The study, supported by the National Institutes of Health, The Once Upon a Time Foundation, and patient donations, shows how a PDHD mouse model helped scientists trace the seizures to inhibitory neurons near the cortex that normally keep the brain’s electrical activity in check.

A terminal disease has taken most of Elizabeth Delacruz’s mobility. She can’t stand or hold her head up without support.
A terminal disease has taken most of Elizabeth Delacruz’s mobility. She can’t stand or hold her head up without support.

Scientists then tested a method of calculating when seizures would occur in mice and humans by reviewing EEG files and looking for decreased activity in energy-deficient neurons. Their calculations enabled them to forecast 98 percent of the convulsions at least four minutes in advance.

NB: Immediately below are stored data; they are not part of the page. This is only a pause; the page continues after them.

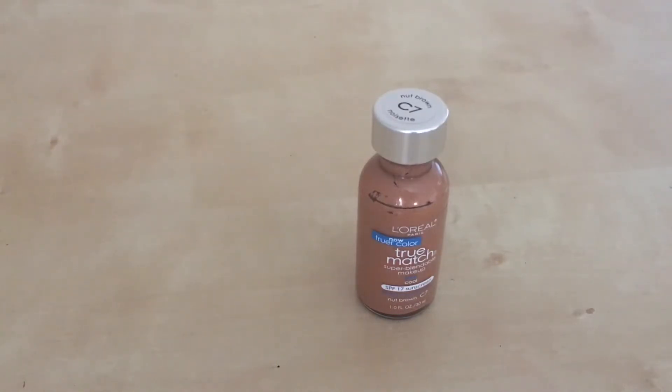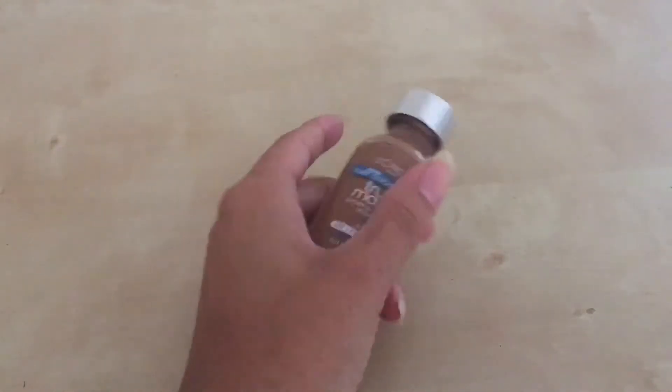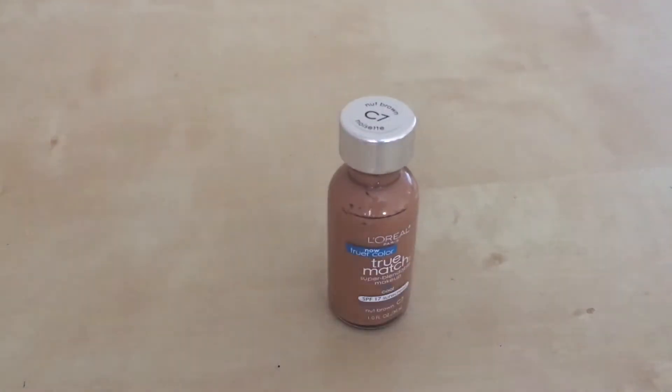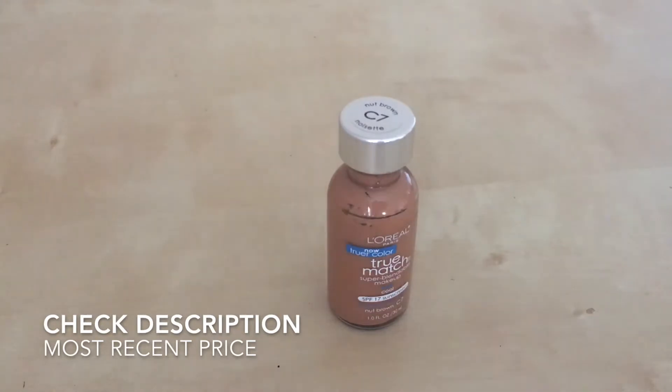Once you do one good pour, you can pretty much get a full face without wasting a lot of product. This bottle only holds so much, so it won't last very long if you use foundation every day. Personally, I only buy foundation when I need to cover a blemish or pimple, so I don't wear a lot of it and it lasts me months.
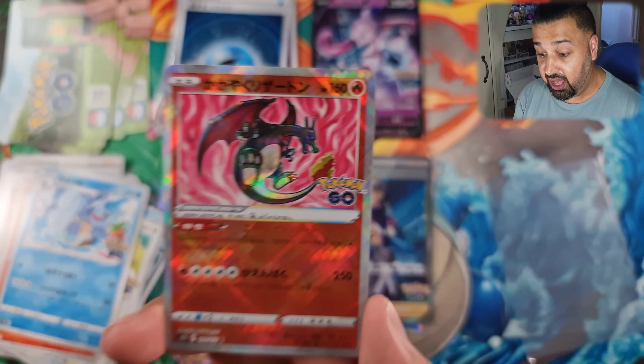Give me your judgment — have you guys opened any of these boxes? What did you guys pull? Was your luck as good as mine? Let me know in the comments below. Thank you again so much for watching. I'll be back for more Pokemon and Digimon content coming up. In the meantime, take care. Goodbye.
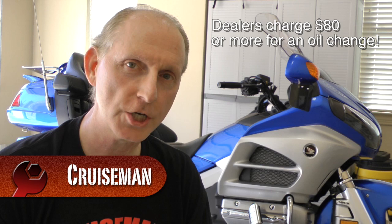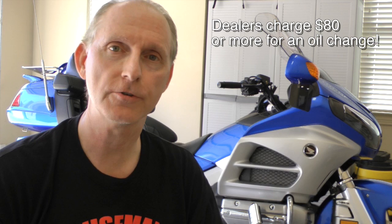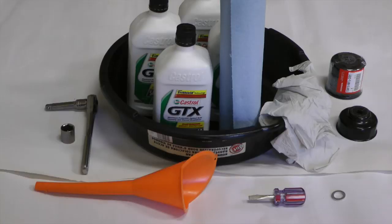Hey guys, Cruze Man here. If you take your bike to a dealer to get an oil change, they're going to charge you $80 or more. That is insane. You can do this yourself at home with some very basic tools and I'm going to show you how to do it.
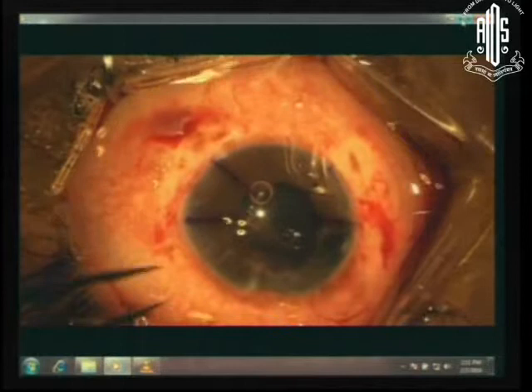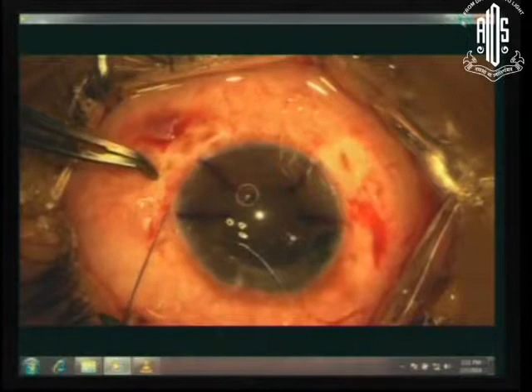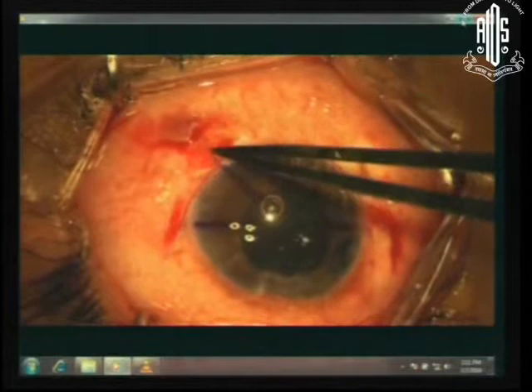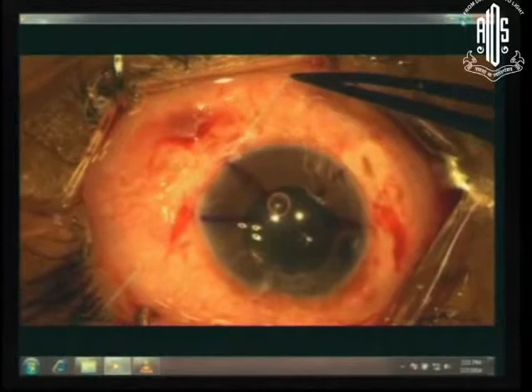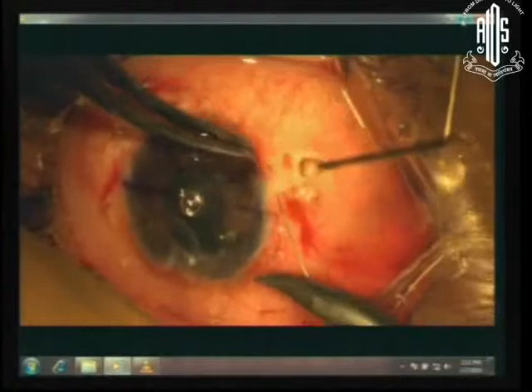Now comes the interesting part. Bury your needle in the depths of the incision, take it out and tie your suture — one end, two out, double at one side, one at one side. The suture gets buried into the groove which you have made. In a similar manner, take it to the depth of the incision and pull it out again at the other end of the incision. The whole idea is that the knot has to be buried. Once the knot is buried you no longer have anything more to bother about.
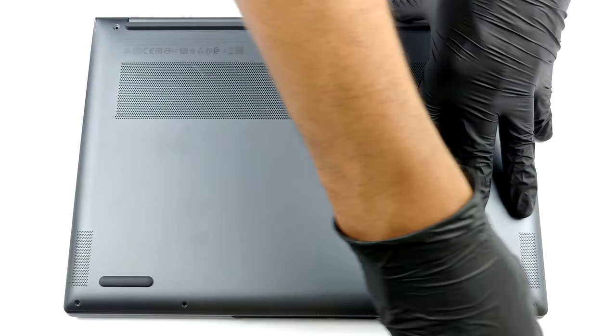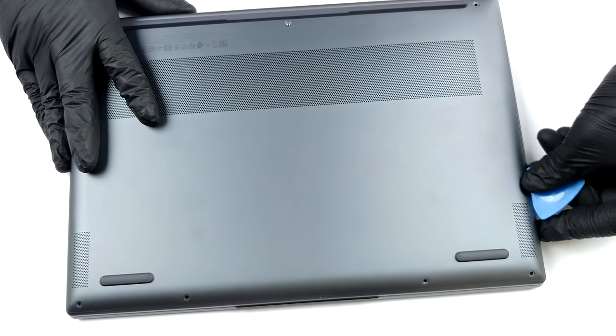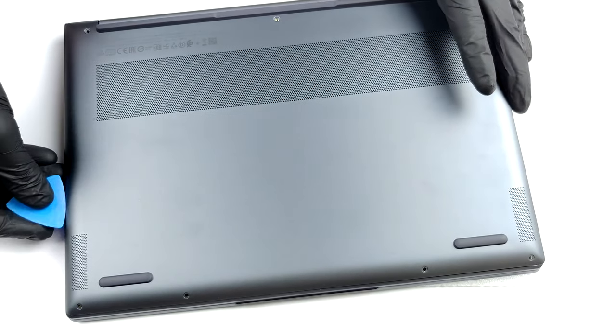This notebook's bottom panel is held in place by seven Torx head screws. After you undo them, you need to carefully pry the panel with a plastic tool. Then you can lift it away from the chassis.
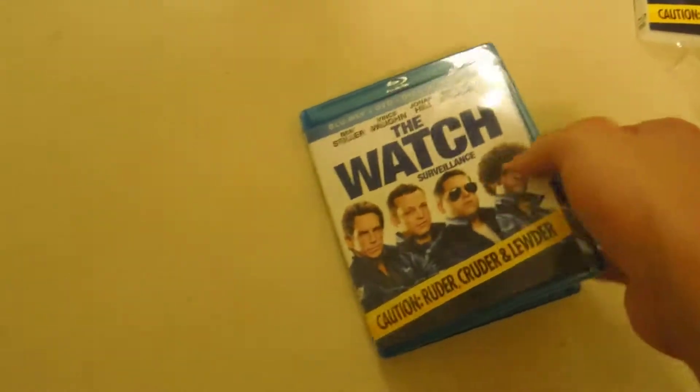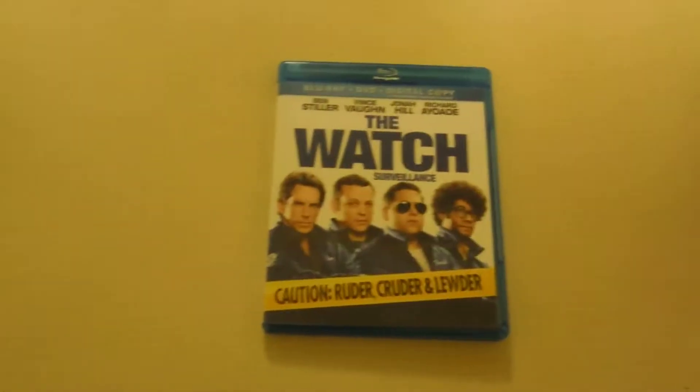Let's open this thing up. Of course they got to tape it up top — they're douches. Wow, this is why I hate doing things like DVDs. Here we go.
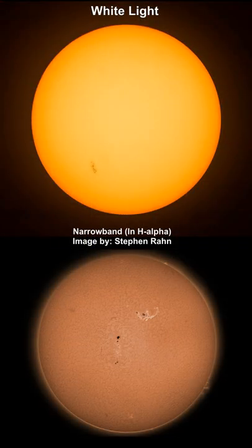You can get more detail near the sun this way than with white light. I will leave a link in the description if you want to learn more about solar astrophotography.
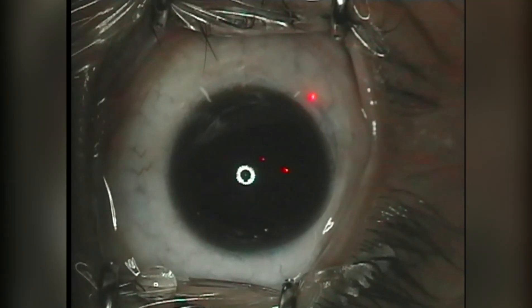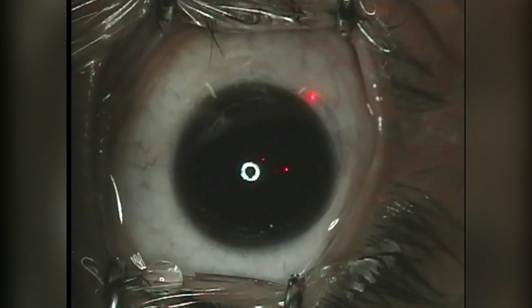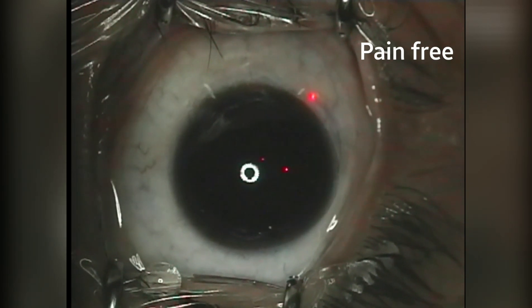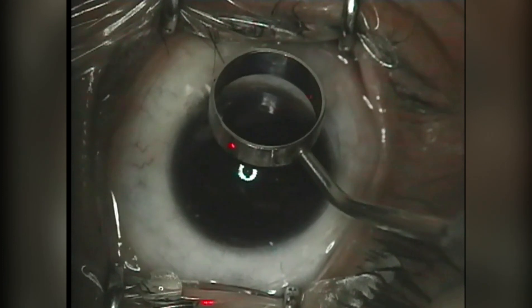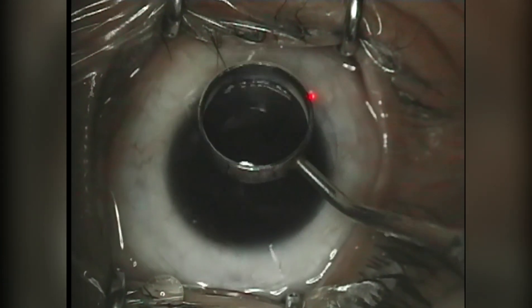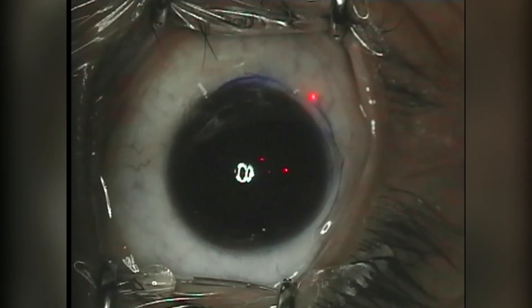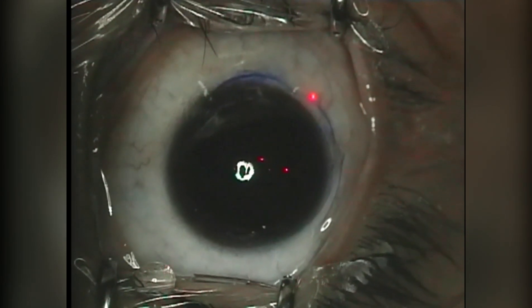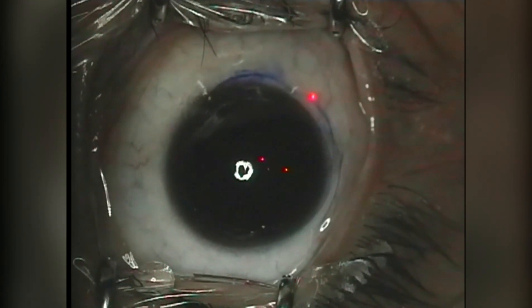Now let's watch the actual video. First, the doctor numbs the eye using anesthetic drops. LASIK surgery is essentially pain-free and it takes only about 15 minutes to complete for both eyes. The doctor then places colored markings on the cornea to guide realignment after laser treatment. We will later see that a flap on the cornea is made and displaced for a few seconds to expose the corneal bed.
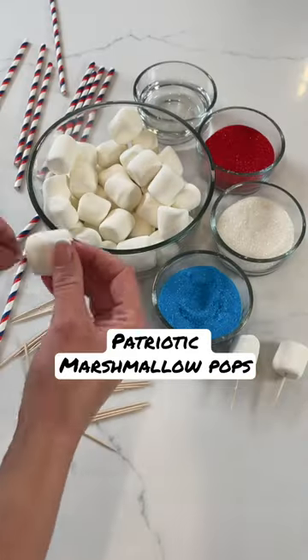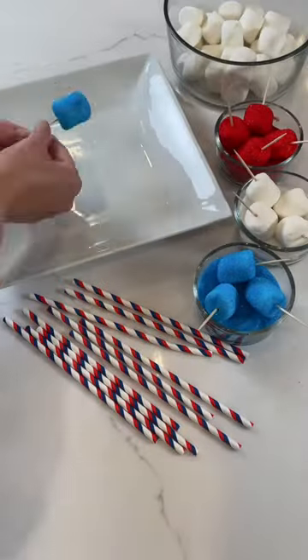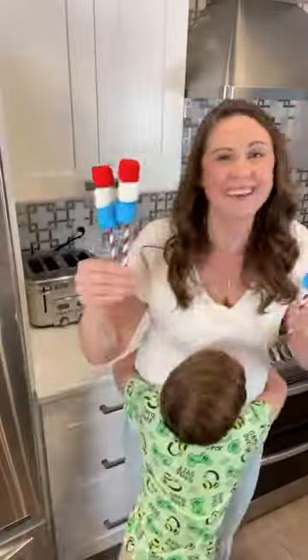These just might be the easiest red, white, and blue treats to make. Insert toothpicks into marshmallows, get some water on them, then dip them into colorful sugars. Grab some paper straws, then just stack those marshmallows one on top of another, and you end up with some really cute, super easy treats.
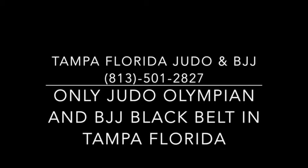Please do give us a call at 813-501-2827. Again, that is 813-501-2827, and set up your free appointment and your free lesson right away. We're also giving 30 days of free training. I look forward to hearing from you. Once again, that is 813-501-2827. Take care and have a super fantastic day.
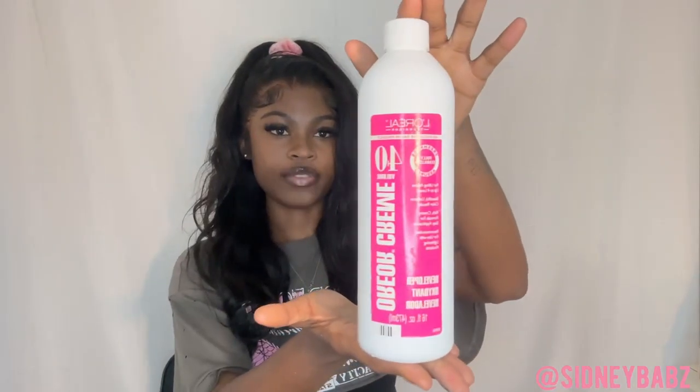The price, the link, and everything will be down in the description box below. Now, time to rate everything. Did it take bleach? Yes it did. I used WT powder and L'Oreal 40 volume developer.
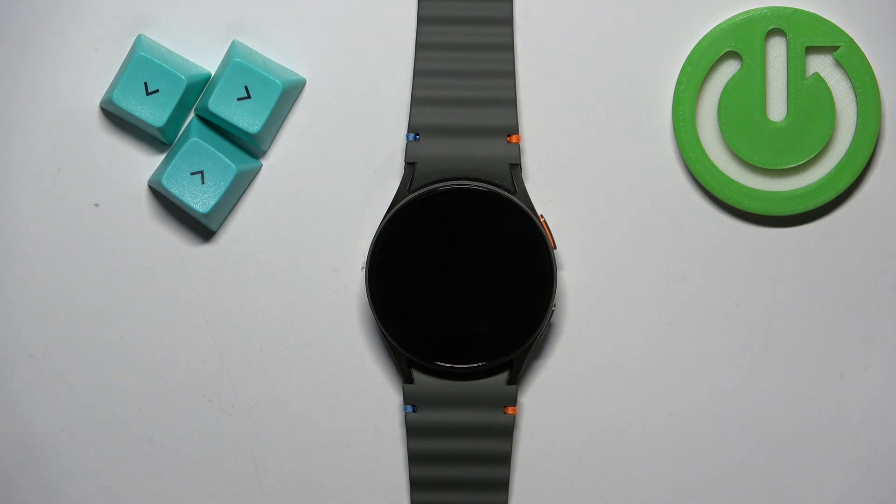Welcome! In front of me I have Samsung Galaxy Watch 7 and I'm gonna show you how to factory reset this watch by using the recovery menu.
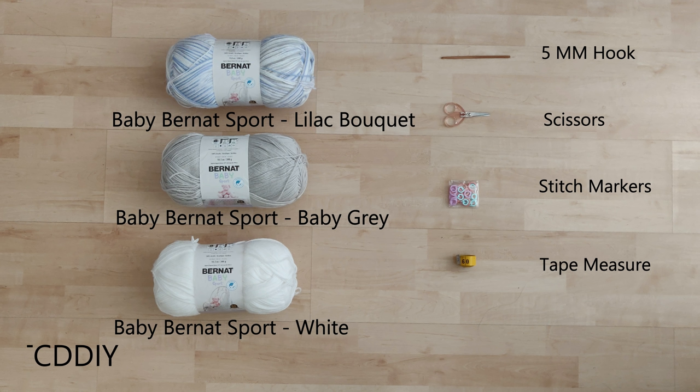For this project, any category 3 yarn will work, but I used a full skein of Baby Burnout Sport Yarn in Lilac Bouquet, and a quarter skein of Baby Gray and White.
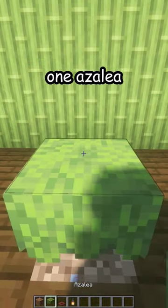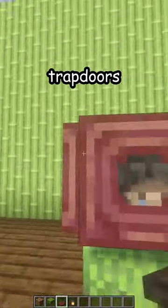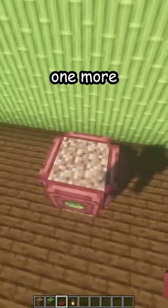Place one dirt, one azalea, a temporary dirt block, mangrove trapdoors all around. You're gonna need four and then one more on the top.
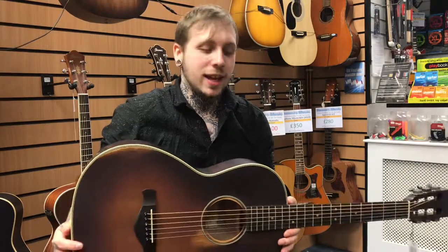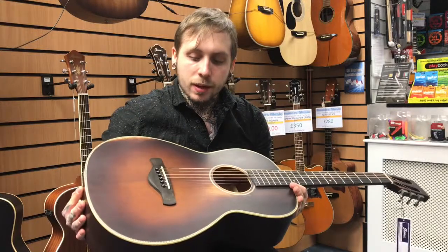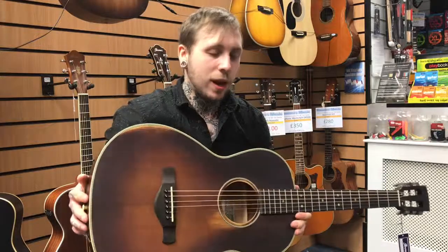Hi, my name's Andy, I'm from Roomies Music, and today we're looking at the Ibanez AVN11 ABS. It's a really nice kind of vintage guitar, and it's got a lot of features that reflect that kind of vintage tonality.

Dr. Pascual said the discovery that a single cell type can be used to forecast seizures is a paradigm-shifting finding that may apply to all mitochondrial diseases and related epilepsies.

Ms. Mejia hopes that Dr. Pascual’s work can someday change the prognosis for PDHD. It’s so hard to see her go through this, Ms. Mejia said. Every time she has a seizure, her brain is getting worse. I still hope one day she can get a treatment that could stop all this and make her life better.